Task input:
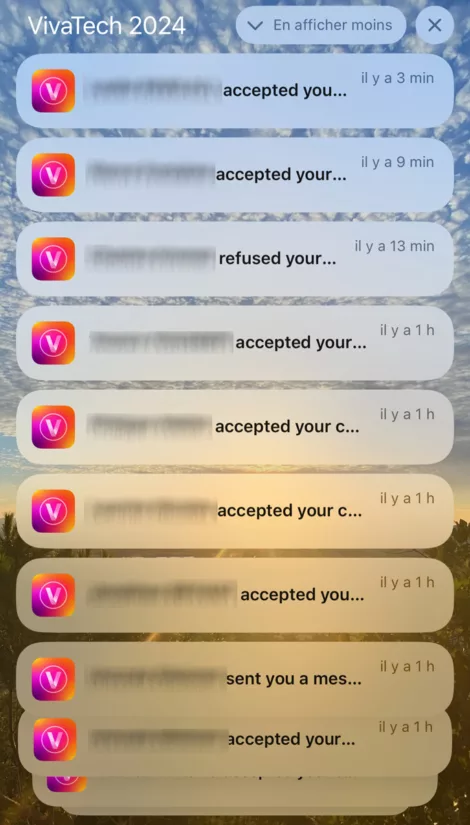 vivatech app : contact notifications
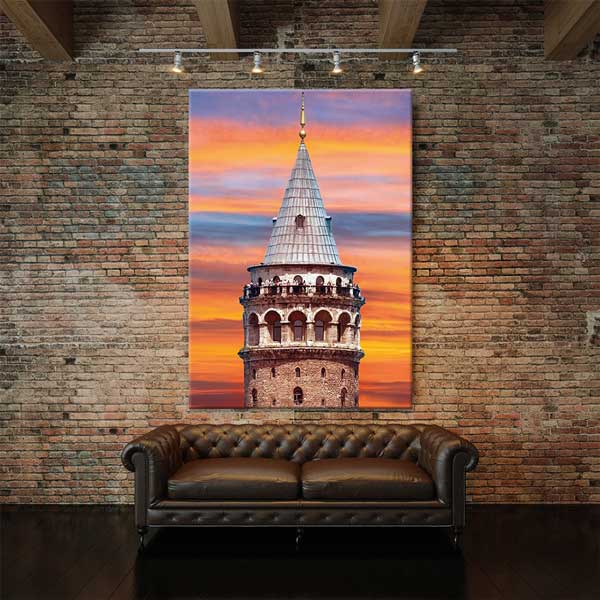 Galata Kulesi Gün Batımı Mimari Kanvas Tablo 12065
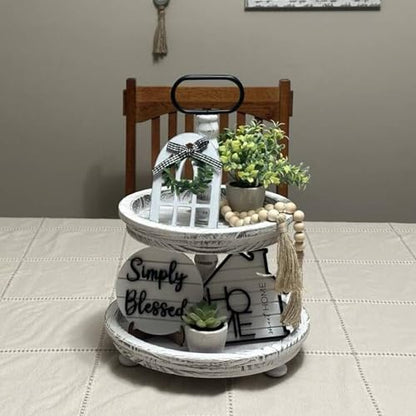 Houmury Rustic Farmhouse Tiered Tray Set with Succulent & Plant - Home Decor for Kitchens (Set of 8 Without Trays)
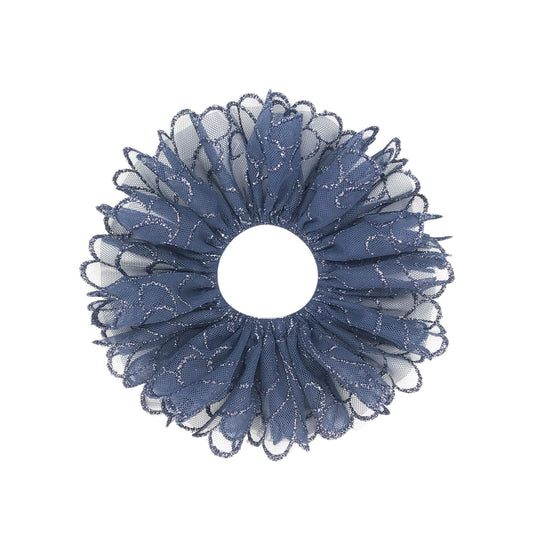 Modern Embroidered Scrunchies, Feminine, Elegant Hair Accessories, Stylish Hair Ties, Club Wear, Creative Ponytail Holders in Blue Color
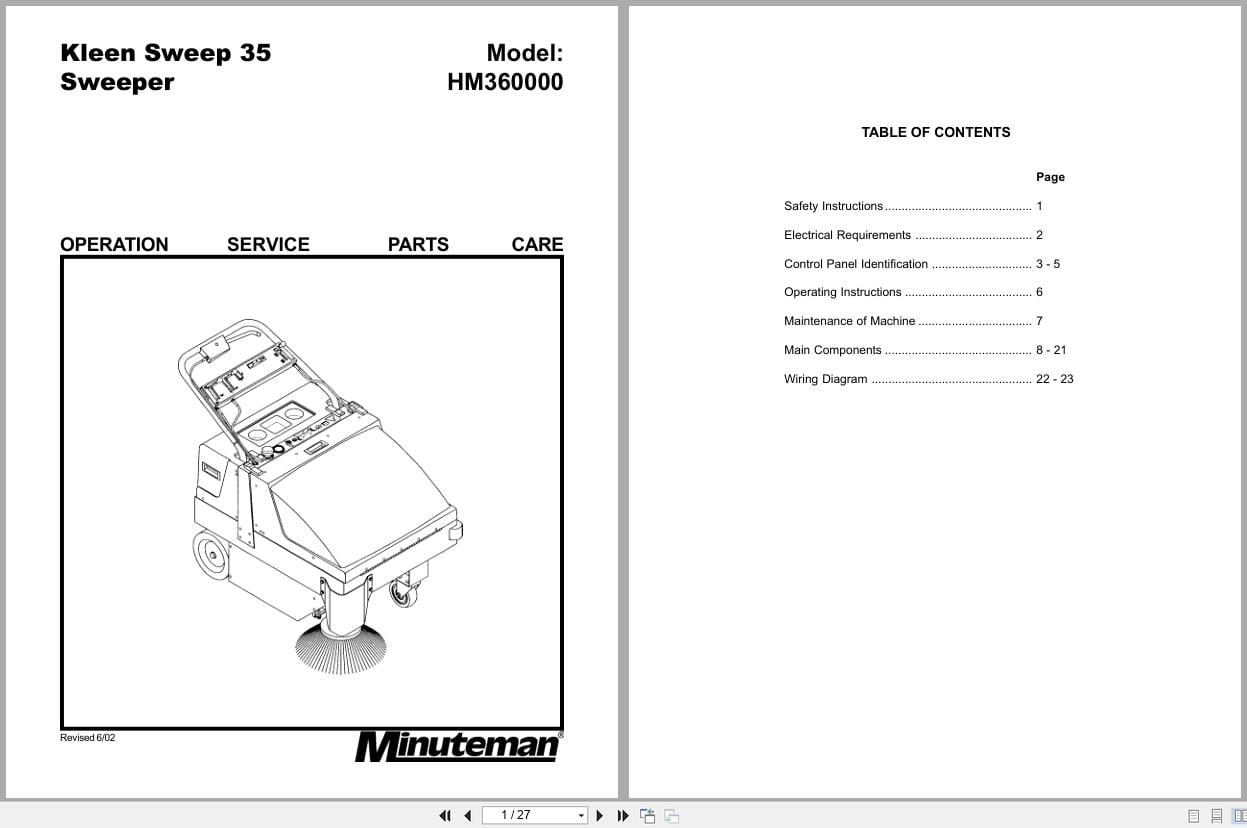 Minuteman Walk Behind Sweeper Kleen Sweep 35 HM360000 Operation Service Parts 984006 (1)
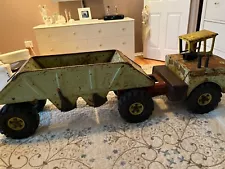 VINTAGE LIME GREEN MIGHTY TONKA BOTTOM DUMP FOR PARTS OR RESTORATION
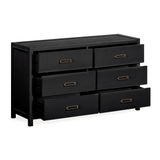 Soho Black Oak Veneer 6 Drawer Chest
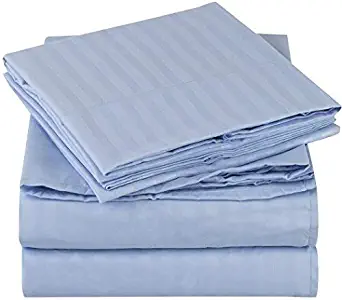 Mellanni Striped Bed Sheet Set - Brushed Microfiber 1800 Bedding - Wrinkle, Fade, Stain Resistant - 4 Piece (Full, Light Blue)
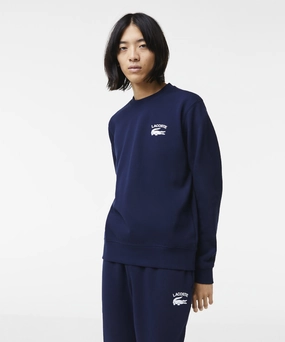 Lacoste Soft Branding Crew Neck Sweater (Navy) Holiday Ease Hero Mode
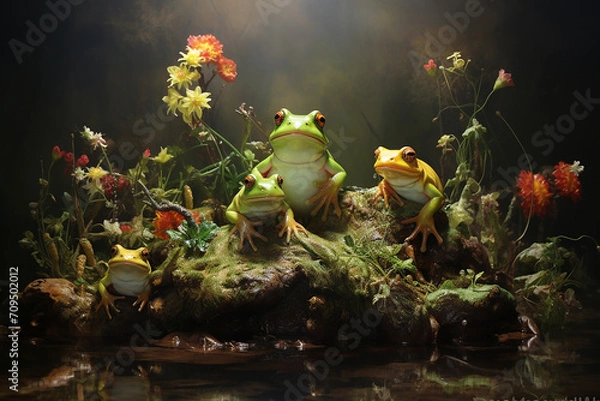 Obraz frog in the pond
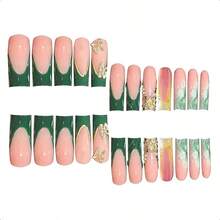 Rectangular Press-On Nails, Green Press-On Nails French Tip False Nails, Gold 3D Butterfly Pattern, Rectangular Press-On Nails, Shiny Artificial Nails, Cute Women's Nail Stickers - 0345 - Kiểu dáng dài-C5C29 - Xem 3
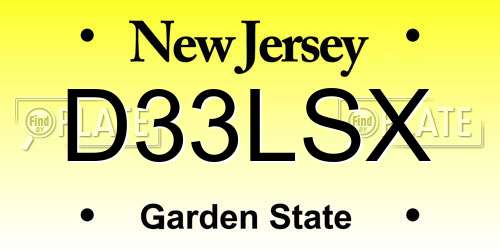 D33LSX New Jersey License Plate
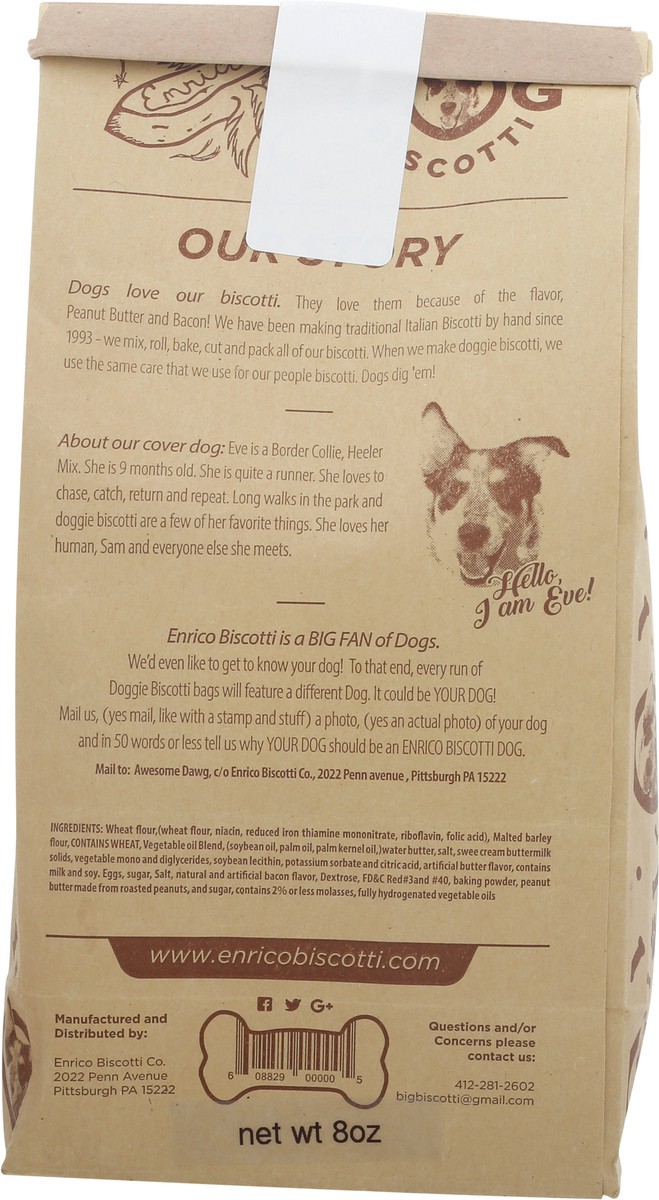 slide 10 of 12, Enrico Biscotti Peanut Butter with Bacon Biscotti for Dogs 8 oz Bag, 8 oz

Directions: Write out all the entries again, word for word, and print no images.

Result of this task:
 vivatech app : contact notifications
 Galata Kulesi Gün Batımı Mimari Kanvas Tablo 12065
 Houmury Rustic Farmhouse Tiered Tray Set with Succulent & Plant - Home Decor for Kitchens (Set of 8 Without Trays)
 Modern Embroidered Scrunchies, Feminine, Elegant Hair Accessories, Stylish Hair Ties, Club Wear, Creative Ponytail Holders in Blue Color
 Minuteman Walk Behind Sweeper Kleen Sweep 35 HM360000 Operation Service Parts 984006 (1)
 VINTAGE LIME GREEN MIGHTY TONKA BOTTOM DUMP FOR PARTS OR RESTORATION
 Soho Black Oak Veneer 6 Drawer Chest
 Mellanni Striped Bed Sheet Set - Brushed Microfiber 1800 Bedding - Wrinkle, Fade, Stain Resistant - 4 Piece (Full, Light Blue)
 Lacoste Soft Branding Crew Neck Sweater (Navy) Holiday Ease Hero Mode
 Obraz frog in the pond
 Rectangular Press-On Nails, Green Press-On Nails French Tip False Nails, Gold 3D Butterfly Pattern, Rectangular Press-On Nails, Shiny Artificial Nails, Cute Women's Nail Stickers - 0345 - Kiểu dáng dài-C5C29 - Xem 3
 D33LSX New Jersey License Plate
 slide 10 of 12, Enrico Biscotti Peanut Butter with Bacon Biscotti for Dogs 8 oz Bag, 8 oz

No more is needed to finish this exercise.